I leave before she can argue, before I can see the fear in her eyes that makes me want to promise things I’m not sure I can deliver.
But I meant what I said.
I’m not pretending this isn’t happening.
Barrett’s office is exactly what I expected—game footage on multiple screens, whiteboards covered in X’s and O’s, coffee cups from three different days.
“Cap.” He gestures to a chair. “Shut the door.”
I do, already running through possible reasons for this meeting. The power play excuse was obviously Brody’s invention.
“Your shoulder held up well last night,” Barrett says, leaning back in his chair.
“Feels good. No issues.”
“Good. Because we need you. But that’s not why you’re here.”
I wait.
“Dr. Walker,” he says simply.
I clench my fists. “What about her?”
“Winters came to me this morning.

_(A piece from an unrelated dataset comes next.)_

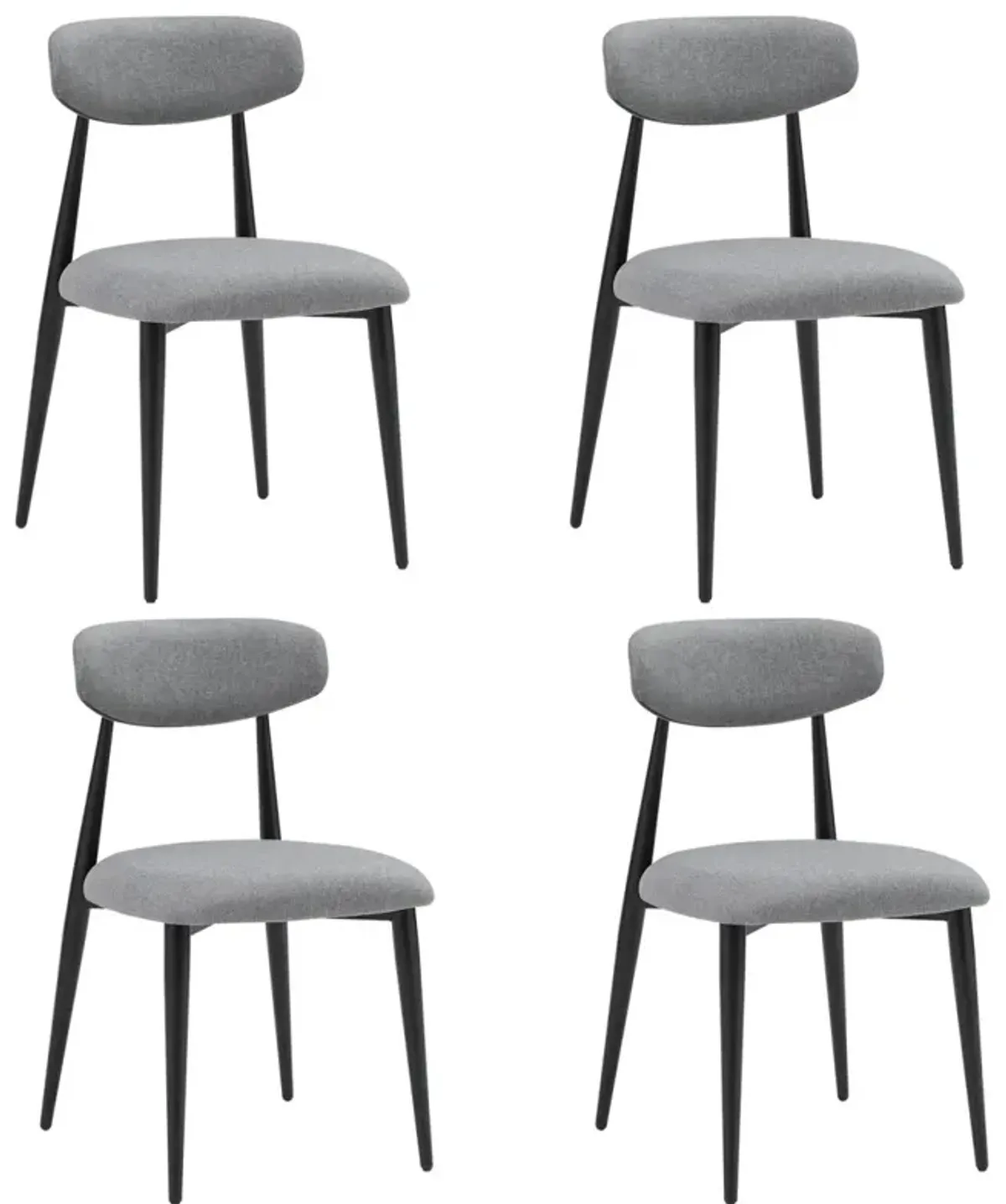 Dining Chairs Set of 4, Curved Backrest Round Upholstered And Metal Frame, Grey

Says there’s been ‘unprofessional conduct’ between you two.” He makes air quotes, and I can hear the skepticism in his voice. “Wanted me to reprimand her. Possibly suspend.”
“That’s bullshit.”
“I know.” He clicks through more footage. “Which is why I’m talking to you instead of her. Because if Winters is making this an issue, we need to handle it before it becomes a problem.”
“There’s nothing to handle.”
“Roman.” He looks at me directly. “I don’t care who you’re seeing. Your personal life is your business. But if it affects the team, it becomes mine.”
“It doesn’t.”
“Doesn’t it?” He pulls up footage from last night’s game. “You looked at that booth seven times during the second period. Three times during the third. Every time you came off the ice, you checked to see if she was watching.”
“So?”
“So you’re distracted. And distracted captains make mistakes.”
“I scored two goals.”
“You also took a penalty in the third because you weren’t paying attention to your positioning.
” He leans forward. “Look, I’m not telling you to stop seeing her.
I’m telling you to figure out how to compartmentalize.
On the ice, you’re the captain. Off the ice, do whatever you want.
But those seven times you looked at the booth? That’s when you’re neither.”
The assessment lands harder than I want to admit.
“Understood,” I say.
“Good.” He closes the footage. “For what it’s worth, she’s good at her job.
Your shoulder’s proof of that. And Winters is an ass who’s had it out for her since day one because she threatened his authority.
” He pauses. “But if this becomes a circus, I’ll have to make a call. Don’t let it become a circus.”
“It won’t.”
“Then we’re done here.”
I stand, then turn back at the door. “Barrett?”
“Yeah?”
“If Winters comes at her again, I want to know.”
“She can handle Winters.”
“I know she can. I still want to know.”
He studies me for a moment, then nods. “Fair enough.”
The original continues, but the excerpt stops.